▶ **WHAT IS EXPECTED**: Please repeat each line of the data exactly, with nothing left out.

▶ **TASK INPUTS**:
::::::::::
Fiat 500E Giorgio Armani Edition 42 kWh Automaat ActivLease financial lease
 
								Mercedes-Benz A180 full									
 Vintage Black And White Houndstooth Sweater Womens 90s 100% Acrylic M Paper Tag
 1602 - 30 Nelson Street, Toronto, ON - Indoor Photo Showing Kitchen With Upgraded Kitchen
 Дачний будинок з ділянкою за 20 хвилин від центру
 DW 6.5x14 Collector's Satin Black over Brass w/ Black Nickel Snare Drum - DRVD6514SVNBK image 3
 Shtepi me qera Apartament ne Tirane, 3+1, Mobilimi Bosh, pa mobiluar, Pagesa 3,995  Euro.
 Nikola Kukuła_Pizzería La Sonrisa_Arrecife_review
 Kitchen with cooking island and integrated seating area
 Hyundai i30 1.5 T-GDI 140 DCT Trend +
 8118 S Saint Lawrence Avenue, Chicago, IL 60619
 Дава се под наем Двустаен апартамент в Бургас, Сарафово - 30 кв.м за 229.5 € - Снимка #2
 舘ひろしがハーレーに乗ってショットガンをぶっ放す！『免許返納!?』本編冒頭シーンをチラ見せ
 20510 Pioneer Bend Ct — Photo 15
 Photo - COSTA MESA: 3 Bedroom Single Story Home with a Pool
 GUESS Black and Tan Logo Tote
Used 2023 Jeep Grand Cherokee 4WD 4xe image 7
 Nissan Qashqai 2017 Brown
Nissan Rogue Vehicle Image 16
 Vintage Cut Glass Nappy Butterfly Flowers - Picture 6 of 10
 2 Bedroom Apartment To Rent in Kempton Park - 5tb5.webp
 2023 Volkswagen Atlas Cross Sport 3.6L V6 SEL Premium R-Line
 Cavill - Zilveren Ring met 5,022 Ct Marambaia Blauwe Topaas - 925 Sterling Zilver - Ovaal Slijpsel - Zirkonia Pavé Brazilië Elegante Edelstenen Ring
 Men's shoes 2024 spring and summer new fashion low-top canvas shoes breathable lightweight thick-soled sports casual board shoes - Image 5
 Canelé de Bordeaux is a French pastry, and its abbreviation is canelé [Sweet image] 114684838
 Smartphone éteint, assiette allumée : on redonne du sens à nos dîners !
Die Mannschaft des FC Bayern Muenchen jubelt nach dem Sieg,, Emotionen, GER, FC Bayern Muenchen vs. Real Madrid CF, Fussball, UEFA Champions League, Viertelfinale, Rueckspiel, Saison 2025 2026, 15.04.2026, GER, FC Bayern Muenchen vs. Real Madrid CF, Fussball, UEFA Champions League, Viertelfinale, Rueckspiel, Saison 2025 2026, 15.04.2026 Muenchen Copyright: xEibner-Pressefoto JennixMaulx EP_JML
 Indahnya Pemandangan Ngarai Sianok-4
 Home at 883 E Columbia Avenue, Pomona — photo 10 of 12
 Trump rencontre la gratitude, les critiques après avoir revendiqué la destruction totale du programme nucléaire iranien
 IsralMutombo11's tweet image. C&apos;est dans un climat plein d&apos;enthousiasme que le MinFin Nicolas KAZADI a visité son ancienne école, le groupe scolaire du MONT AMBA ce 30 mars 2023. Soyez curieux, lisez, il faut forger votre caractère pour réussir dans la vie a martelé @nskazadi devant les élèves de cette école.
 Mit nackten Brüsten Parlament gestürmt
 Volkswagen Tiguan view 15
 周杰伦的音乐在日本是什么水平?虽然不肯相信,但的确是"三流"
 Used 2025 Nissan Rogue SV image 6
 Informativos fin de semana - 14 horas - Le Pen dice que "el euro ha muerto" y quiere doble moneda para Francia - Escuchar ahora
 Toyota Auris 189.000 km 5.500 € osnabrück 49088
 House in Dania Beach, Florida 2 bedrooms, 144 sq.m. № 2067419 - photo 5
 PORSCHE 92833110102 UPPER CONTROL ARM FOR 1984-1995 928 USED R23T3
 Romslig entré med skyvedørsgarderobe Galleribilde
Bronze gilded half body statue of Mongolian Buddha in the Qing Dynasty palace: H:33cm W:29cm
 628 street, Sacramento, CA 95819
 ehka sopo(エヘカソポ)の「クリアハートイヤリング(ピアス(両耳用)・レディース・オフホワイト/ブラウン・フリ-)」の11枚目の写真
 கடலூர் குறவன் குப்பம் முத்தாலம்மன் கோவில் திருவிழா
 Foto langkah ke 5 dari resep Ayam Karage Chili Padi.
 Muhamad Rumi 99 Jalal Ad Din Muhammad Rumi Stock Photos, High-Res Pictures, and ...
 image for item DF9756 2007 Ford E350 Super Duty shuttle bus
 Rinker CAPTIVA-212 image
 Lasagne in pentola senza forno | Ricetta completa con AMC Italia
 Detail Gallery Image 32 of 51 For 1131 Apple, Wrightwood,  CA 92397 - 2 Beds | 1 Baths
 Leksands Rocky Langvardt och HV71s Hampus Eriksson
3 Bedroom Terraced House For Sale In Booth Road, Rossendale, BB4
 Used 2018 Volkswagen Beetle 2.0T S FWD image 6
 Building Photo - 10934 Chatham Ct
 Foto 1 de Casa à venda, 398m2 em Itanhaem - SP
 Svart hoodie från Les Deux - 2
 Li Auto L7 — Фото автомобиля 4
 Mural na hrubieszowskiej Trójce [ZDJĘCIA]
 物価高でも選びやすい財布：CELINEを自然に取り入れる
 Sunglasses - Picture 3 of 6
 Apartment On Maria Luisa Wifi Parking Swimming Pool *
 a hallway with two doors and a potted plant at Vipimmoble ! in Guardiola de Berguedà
::::::::::
▶ **TASK RESPONSE**:
Fiat 500E Giorgio Armani Edition 42 kWh Automaat ActivLease financial lease
 
								Mercedes-Benz A180 full									
 Vintage Black And White Houndstooth Sweater Womens 90s 100% Acrylic M Paper Tag
 1602 - 30 Nelson Street, Toronto, ON - Indoor Photo Showing Kitchen With Upgraded Kitchen
 Дачний будинок з ділянкою за 20 хвилин від центру
 DW 6.5x14 Collector's Satin Black over Brass w/ Black Nickel Snare Drum - DRVD6514SVNBK image 3
 Shtepi me qera Apartament ne Tirane, 3+1, Mobilimi Bosh, pa mobiluar, Pagesa 3,995  Euro.
 Nikola Kukuła_Pizzería La Sonrisa_Arrecife_review
 Kitchen with cooking island and integrated seating area
 Hyundai i30 1.5 T-GDI 140 DCT Trend +
 8118 S Saint Lawrence Avenue, Chicago, IL 60619
 Дава се под наем Двустаен апартамент в Бургас, Сарафово - 30 кв.м за 229.5 € - Снимка #2
 舘ひろしがハーレーに乗ってショットガンをぶっ放す！『免許返納!?』本編冒頭シーンをチラ見せ
 20510 Pioneer Bend Ct — Photo 15
 Photo - COSTA MESA: 3 Bedroom Single Story Home with a Pool
 GUESS Black and Tan Logo Tote
Used 2023 Jeep Grand Cherokee 4WD 4xe image 7
 Nissan Qashqai 2017 Brown
Nissan Rogue Vehicle Image 16
 Vintage Cut Glass Nappy Butterfly Flowers - Picture 6 of 10
 2 Bedroom Apartment To Rent in Kempton Park - 5tb5.webp
 2023 Volkswagen Atlas Cross Sport 3.6L V6 SEL Premium R-Line
 Cavill - Zilveren Ring met 5,022 Ct Marambaia Blauwe Topaas - 925 Sterling Zilver - Ovaal Slijpsel - Zirkonia Pavé Brazilië Elegante Edelstenen Ring
 Men's shoes 2024 spring and summer new fashion low-top canvas shoes breathable lightweight thick-soled sports casual board shoes - Image 5
 Canelé de Bordeaux is a French pastry, and its abbreviation is canelé [Sweet image] 114684838
 Smartphone éteint, assiette allumée : on redonne du sens à nos dîners !
Die Mannschaft des FC Bayern Muenchen jubelt nach dem Sieg,, Emotionen, GER, FC Bayern Muenchen vs. Real Madrid CF, Fussball, UEFA Champions League, Viertelfinale, Rueckspiel, Saison 2025 2026, 15.04.2026, GER, FC Bayern Muenchen vs. Real Madrid CF, Fussball, UEFA Champions League, Viertelfinale, Rueckspiel, Saison 2025 2026, 15.04.2026 Muenchen Copyright: xEibner-Pressefoto JennixMaulx EP_JML
 Indahnya Pemandangan Ngarai Sianok-4
 Home at 883 E Columbia Avenue, Pomona — photo 10 of 12
 Trump rencontre la gratitude, les critiques après avoir revendiqué la destruction totale du programme nucléaire iranien
 IsralMutombo11's tweet image. C&apos;est dans un climat plein d&apos;enthousiasme que le MinFin Nicolas KAZADI a visité son ancienne école, le groupe scolaire du MONT AMBA ce 30 mars 2023. Soyez curieux, lisez, il faut forger votre caractère pour réussir dans la vie a martelé @nskazadi devant les élèves de cette école.
 Mit nackten Brüsten Parlament gestürmt
 Volkswagen Tiguan view 15
 周杰伦的音乐在日本是什么水平?虽然不肯相信,但的确是"三流"
 Used 2025 Nissan Rogue SV image 6
 Informativos fin de semana - 14 horas - Le Pen dice que "el euro ha muerto" y quiere doble moneda para Francia - Escuchar ahora
 Toyota Auris 189.000 km 5.500 € osnabrück 49088
 House in Dania Beach, Florida 2 bedrooms, 144 sq.m. № 2067419 - photo 5
 PORSCHE 92833110102 UPPER CONTROL ARM FOR 1984-1995 928 USED R23T3
 Romslig entré med skyvedørsgarderobe Galleribilde
Bronze gilded half body statue of Mongolian Buddha in the Qing Dynasty palace: H:33cm W:29cm
 628 street, Sacramento, CA 95819
 ehka sopo(エヘカソポ)の「クリアハートイヤリング(ピアス(両耳用)・レディース・オフホワイト/ブラウン・フリ-)」の11枚目の写真
 கடலூர் குறவன் குப்பம் முத்தாலம்மன் கோவில் திருவிழா
 Foto langkah ke 5 dari resep Ayam Karage Chili Padi.
 Muhamad Rumi 99 Jalal Ad Din Muhammad Rumi Stock Photos, High-Res Pictures, and ...
 image for item DF9756 2007 Ford E350 Super Duty shuttle bus
 Rinker CAPTIVA-212 image
 Lasagne in pentola senza forno | Ricetta completa con AMC Italia
 Detail Gallery Image 32 of 51 For 1131 Apple, Wrightwood,  CA 92397 - 2 Beds | 1 Baths
 Leksands Rocky Langvardt och HV71s Hampus Eriksson
3 Bedroom Terraced House For Sale In Booth Road, Rossendale, BB4
 Used 2018 Volkswagen Beetle 2.0T S FWD image 6
 Building Photo - 10934 Chatham Ct
 Foto 1 de Casa à venda, 398m2 em Itanhaem - SP
 Svart hoodie från Les Deux - 2
 Li Auto L7 — Фото автомобиля 4
 Mural na hrubieszowskiej Trójce [ZDJĘCIA]
 物価高でも選びやすい財布：CELINEを自然に取り入れる
 Sunglasses - Picture 3 of 6
 Apartment On Maria Luisa Wifi Parking Swimming Pool *
 a hallway with two doors and a potted plant at Vipimmoble ! in Guardiola de Berguedà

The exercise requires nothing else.